What is required: Pictures aside, quote the whole listing exactly.

START Data provided

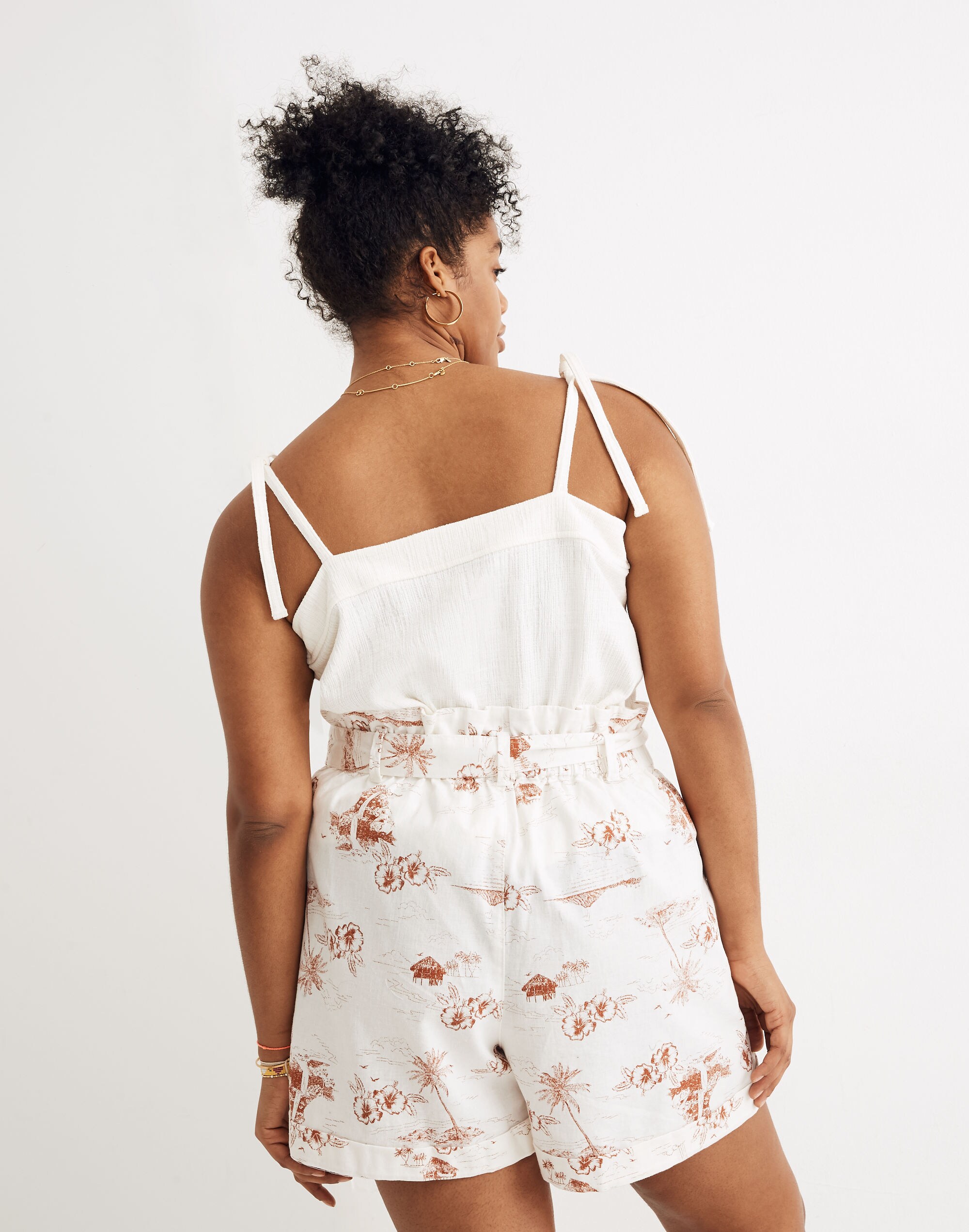 Paperbag Shorts in Paradise Toile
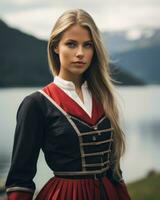 uma lindo Loiras mulher dentro tradicional norueguês roupas generativo ai foto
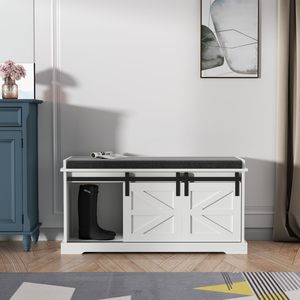 SENYU Farmhouse <b>Shoe</b> Rack <b>Bench</b> With <b>Storage</b> Seat White Wood 2-Tier Entryway Furniture Freestanding - Product Image 5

END Data provided

Problem solution:
 Paperbag Shorts in Paradise Toile
 uma lindo Loiras mulher dentro tradicional norueguês roupas generativo ai foto
 SENYU Farmhouse <b>Shoe</b> Rack <b>Bench</b> With <b>Storage</b> Seat White Wood 2-Tier Entryway Furniture Freestanding - Product Image 5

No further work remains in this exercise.